For reasons that will be described, we observed an inordinately high rate of failure in the first eight sheep treated with delayed repair in the pilot study (Table I, series I). The experiment was therefore interrupted. After analysis of the results in these sheep, the methods were modified as will be described. The next step in the experiment involved seven sheep (Table I, series II) and also led to a high rate of failure, for reasons that will be described, so the methods had to be further modified. We made a total of four modifications to the methods before we recognized that protection from full weight-bearing was absolutely essential and that it was necessary to develop an efficient method of prevention of full weight-bearing. There were thus five series: one representing the original method and four, a modification of the method. The observations made during these pilot studies are of strong clinical relevance and are therefore described.

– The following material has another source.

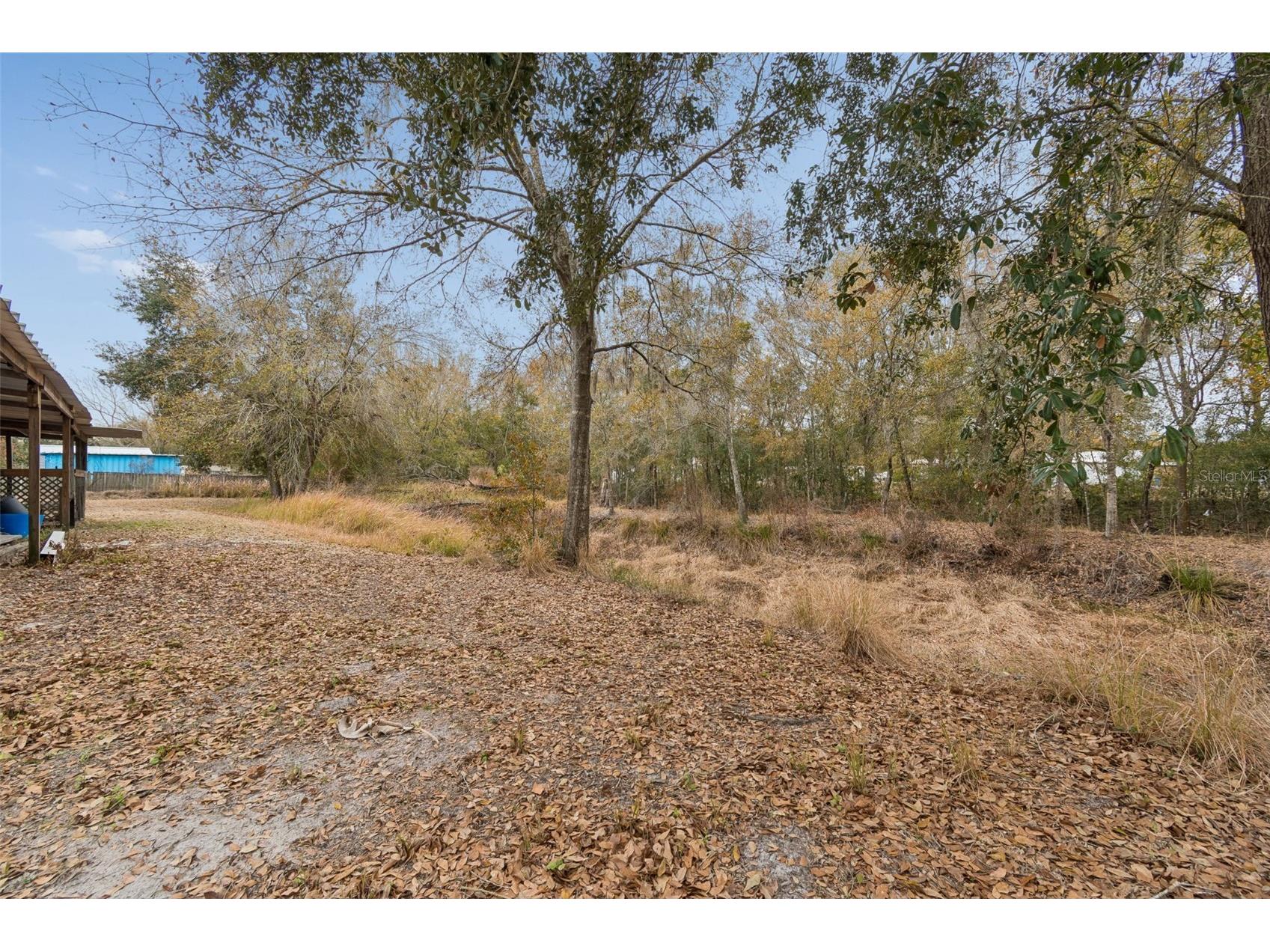 6411 Holloman Creek Court Plant City FL 33565 TB8476420 image68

Observations in Series I (Table I)
In series I (delayed repair), seven of the eight repairs, involving each of the three repair techniques, failed. Histological examination revealed that the stitches in the delayed repair had inadvertently been placed into peritendinous scar tissue and not into the retracted original tendon tissue. At the time of the delayed repair, this scar tissue had been indistinguishable from normal tendon. Subsequent in vitro pullout tests of modified Mason-Allen stitches placed into the peritendinous scar tissue of two specimens that had a failure of the repair yielded low pullout strength (sixty-four and seventy-eight newtons). This series of experiments was excluded from further analysis, and the protocol was modified as will be described.

Modification of Methods and Observations in Series II Through V (Table I)
In series II (seven sheep; delayed repair), the sutures were placed twenty to twenty-five millimeters proximal to the distal end of the tendon to ensure that the stitches were in the original tendon tissue. In these repairs, the tendon-scar stumps were sutured into the bone trough. Resection of all scar tissue at the distal end of the tendon would have caused tensions that were too high to allow repair to the bone trough. The radiographic follow-up of these sheep indicated failure of the repair in five: two in group A, one in group B, and two in group C. After the sheep were killed, histological analysis did not allow the differentiation of old scar from new scar. With this very high rate of failure, we decided to abandon the delayed repair in favor of an immediate repair of a released tendon.

In series III (nine sheep), we used a one-stage procedure with release of the infraspinatus tendon at its insertion, partial resection of the distal end of the tendon, and immediate repair under thirty newtons of preload. The musculotendinous unit was more compliant and was not retracted or atrophic. Also, direct repair of the tendon end was easily performed. The radiographic follow-up, however, revealed failure of the repair in eight of the nine sheep in this series despite the good compliance of the muscles and the ease of repair.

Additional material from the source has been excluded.